## Assignment
Where a line contains "Smooth Calfskin Nano", begin there and restate word for word every line to the end of the entries below, pictures excluded.

(Web page caption snippets)
====================

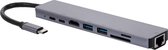 SMT 8IN1 USB -C Hub Adapter - RJ45 Ethernet - SD - Micro SD - 2x USB 3.0 -TF -4K HDMI - 2x USB-c - Type C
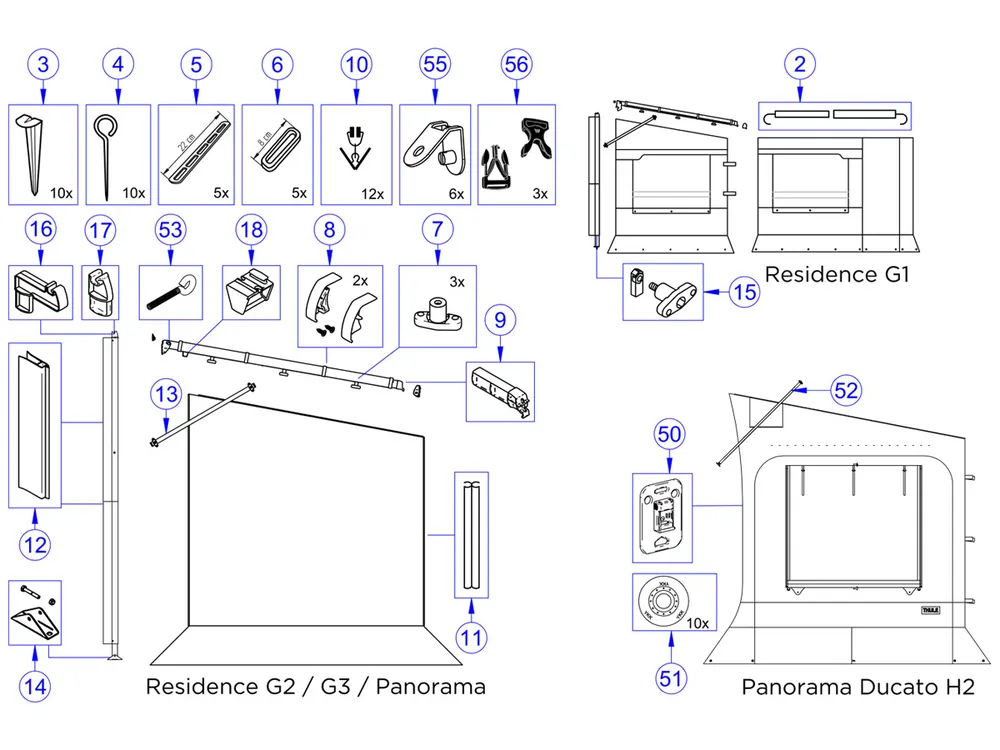 Aktuell Thule Omnistor Masthalterung Andruckstange Serie 6 & 8 Residence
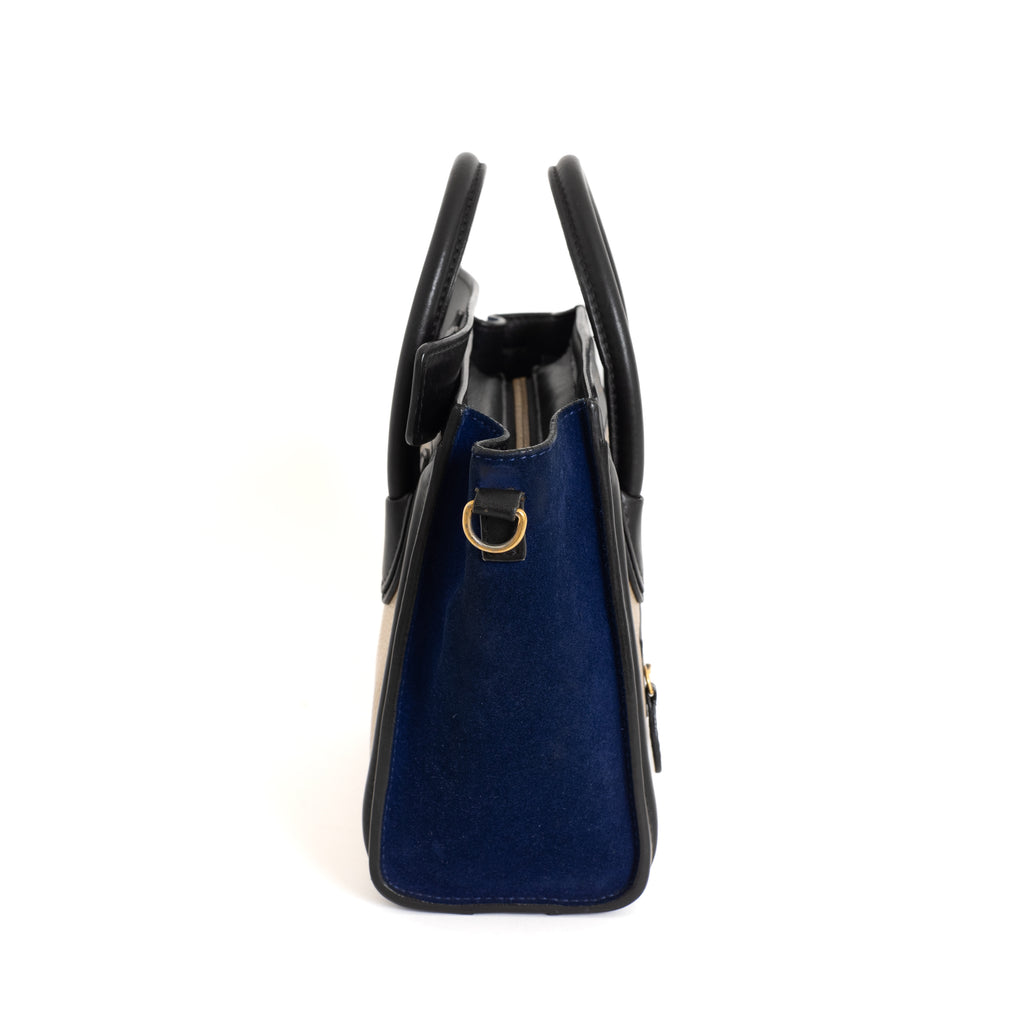 Smooth Calfskin Nano Luggage, Tricolor Cobalt/Black/Navy 8392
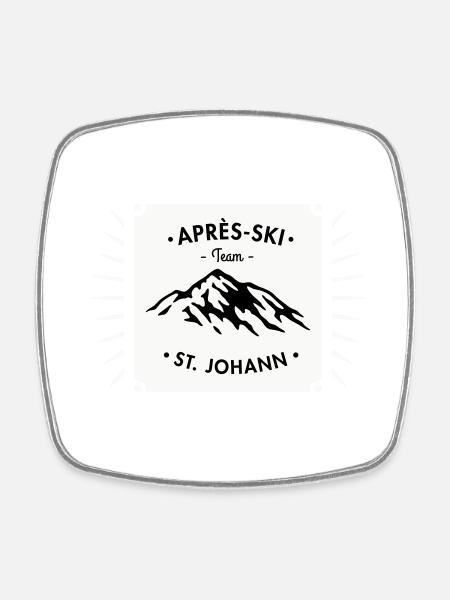 Après-Ski St. Johann - Square fridge magnet - white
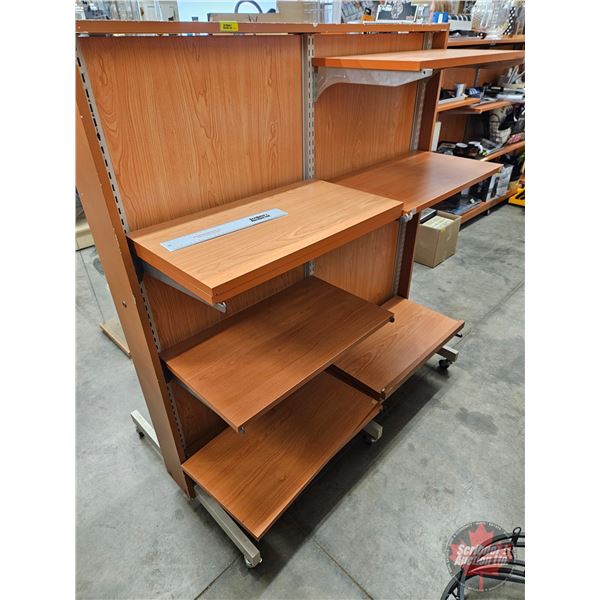 Modular Retail Shelving Unit on Castors c/w 9 Shelves (Measures : 55-1/2"H x 50-3/4"W x 31"D)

====================

## Written answer
 Smooth Calfskin Nano Luggage, Tricolor Cobalt/Black/Navy 8392
 Après-Ski St. Johann - Square fridge magnet - white
 Modular Retail Shelving Unit on Castors c/w 9 Shelves (Measures : 55-1/2"H x 50-3/4"W x 31"D)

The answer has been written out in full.